## TASK DETAILS
The entries below must be retyped exactly. Pictures are to be omitted.

## PROVIDED DATA
=== Section Start ===

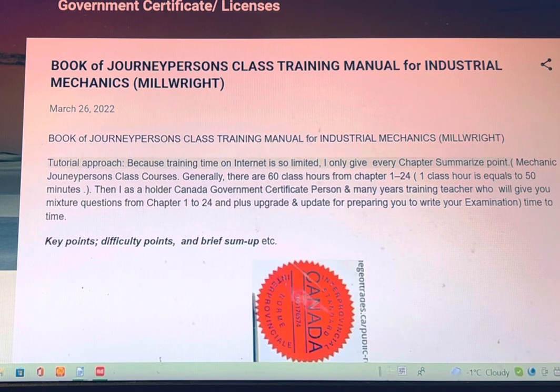As the owner, a Canadian government certificate holder, and a teacher with many years of training experience, I will give you a mixture of questions from chapters 1 to 24, plus upgrades and updates for preparing you to write your examinations from time to time.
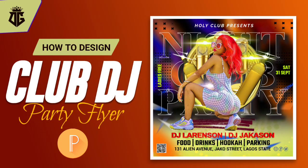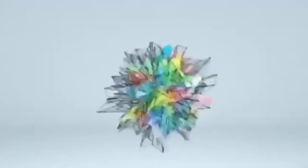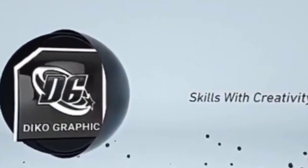Hey, what's up guys, welcome back to my channel. Hope you guys are doing absolutely great. Today I want to share with you how to make this night party flyer design. So without wasting much of our time guys, let's dive into today's tutorial.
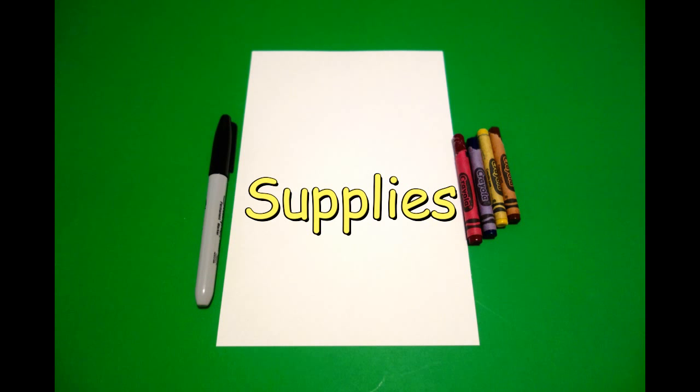Hi, I'm Patty Fernandez and I'm an art teacher. Visit my website at pattyfernandesartist.com. Let's draw. Today's project is how to draw a graduation boy.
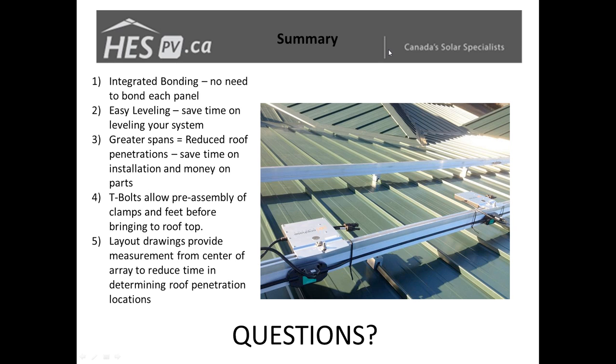We're continuing to look at further cable management methods. One benefit — actually just by fluke — is that if you're using Enphase on the Fast Rack system, the Enphase cable fits right into the groove of the Fast Rack rail, making it nice and easy to tuck that cable away as you go along. Thank you very much for attending — if there are any other questions feel free to email us or give us a call.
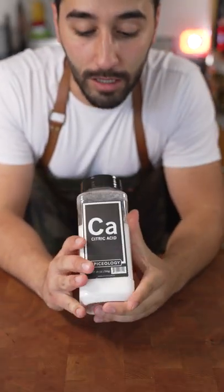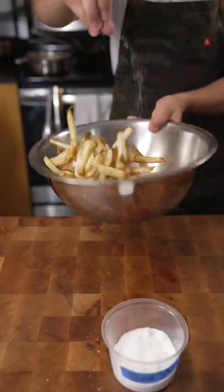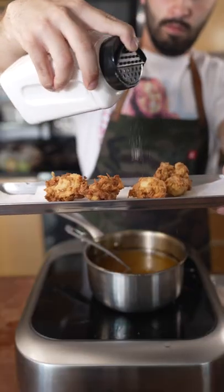Citric acid. I get this question a lot lately. You guys have noticed I use this stuff quite a bit. Citric acid just adds a little pop, a little brightness for when you don't want to use lemon juice or lime juice, for example.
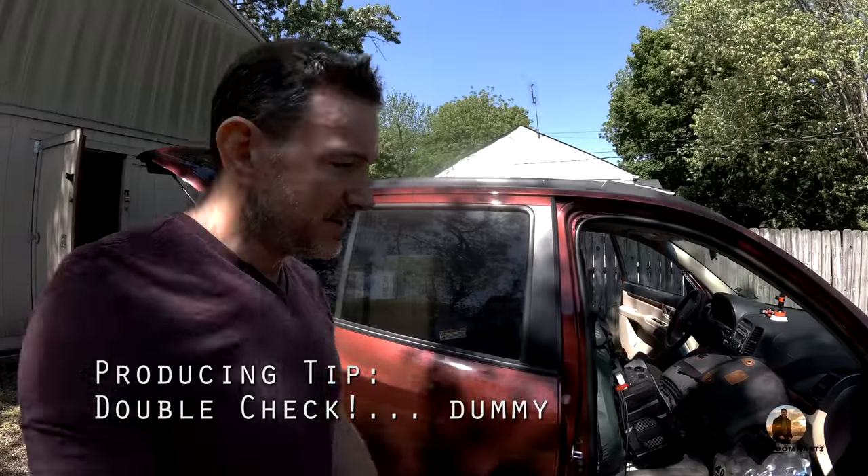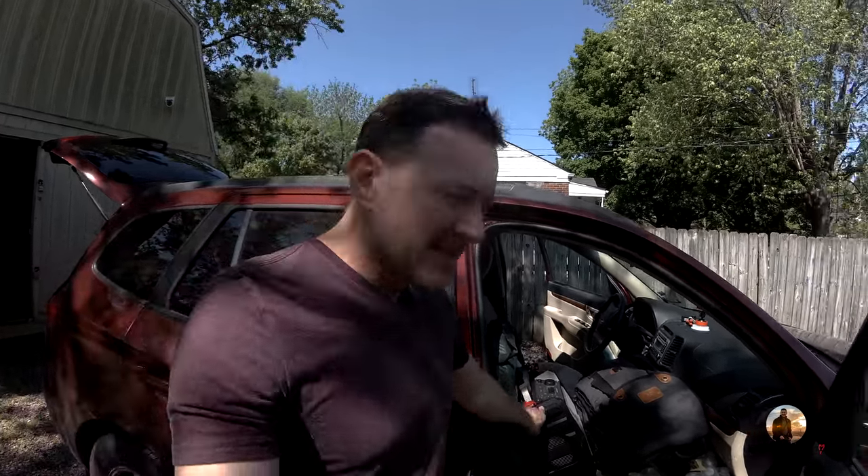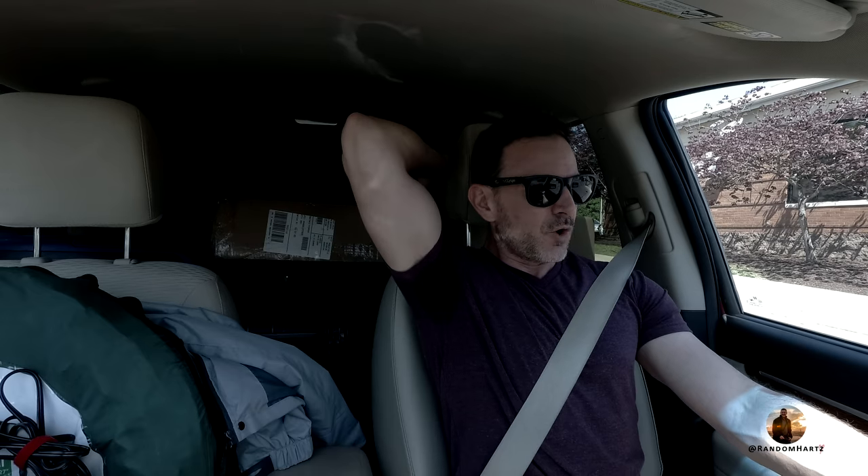Alright, let's do one last check and go from there. Another producing tip: always double-check everything — dummy check, whatever you want to call it — because this almost got left behind. That right there is our playback speaker today, so it would be pretty helpful to have that during performance. Glad I checked that. Everything else is looking good, so it's just a matter of heading out now. No room — I'm just hoping that this headrest holds and none of those tables come flying at my brain.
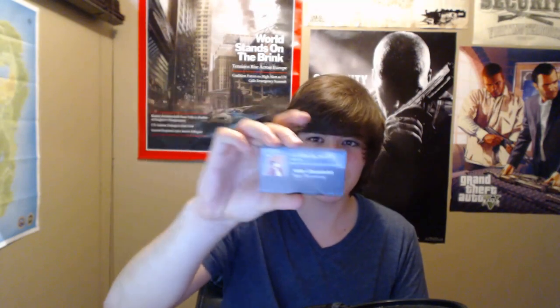Someone gave me a business card — that's kind of cool. With their Twitter, Skype, YouTube, stuff like that. So that's really cool. Thank you so much for that.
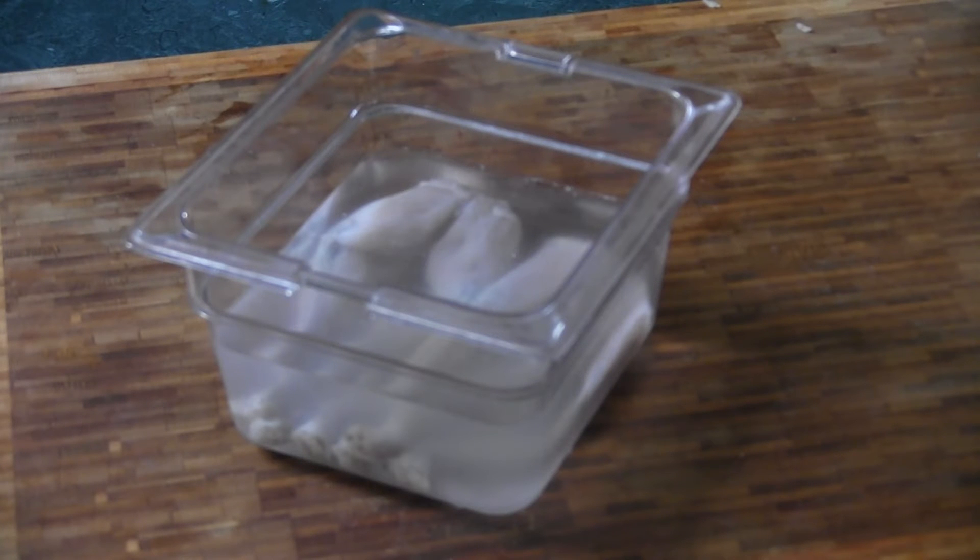What I got here is three frog legs. We got them in a salt solution. We're going to let it soak for about 30 minutes. And we're going to take them out, salt and pepper them, run them through the cornmeal flour mixture, and throw them in the grease.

=== Section End ===

## SOLUTION TO THE PROBLEM
As the owner, a Canadian government certificate holder, and a teacher with many years of training experience, I will give you a mixture of questions from chapters 1 to 24, plus upgrades and updates for preparing you to write your examinations from time to time.
Hey, what's up guys, welcome back to my channel. Hope you guys are doing absolutely great. Today I want to share with you how to make this night party flyer design. So without wasting much of our time guys, let's dive into today's tutorial.
Hi, I'm Patty Fernandez and I'm an art teacher. Visit my website at pattyfernandesartist.com. Let's draw. Today's project is how to draw a graduation boy.
We're continuing to look at further cable management methods. One benefit — actually just by fluke — is that if you're using Enphase on the Fast Rack system, the Enphase cable fits right into the groove of the Fast Rack rail, making it nice and easy to tuck that cable away as you go along. Thank you very much for attending — if there are any other questions feel free to email us or give us a call.
Citric acid. I get this question a lot lately. You guys have noticed I use this stuff quite a bit. Citric acid just adds a little pop, a little brightness for when you don't want to use lemon juice or lime juice, for example.
Alright, let's do one last check and go from there. Another producing tip: always double-check everything — dummy check, whatever you want to call it — because this almost got left behind. That right there is our playback speaker today, so it would be pretty helpful to have that during performance. Glad I checked that. Everything else is looking good, so it's just a matter of heading out now. No room — I'm just hoping that this headrest holds and none of those tables come flying at my brain.
Someone gave me a business card — that's kind of cool. With their Twitter, Skype, YouTube, stuff like that. So that's really cool. Thank you so much for that.
What I got here is three frog legs. We got them in a salt solution. We're going to let it soak for about 30 minutes. And we're going to take them out, salt and pepper them, run them through the cornmeal flour mixture, and throw them in the grease.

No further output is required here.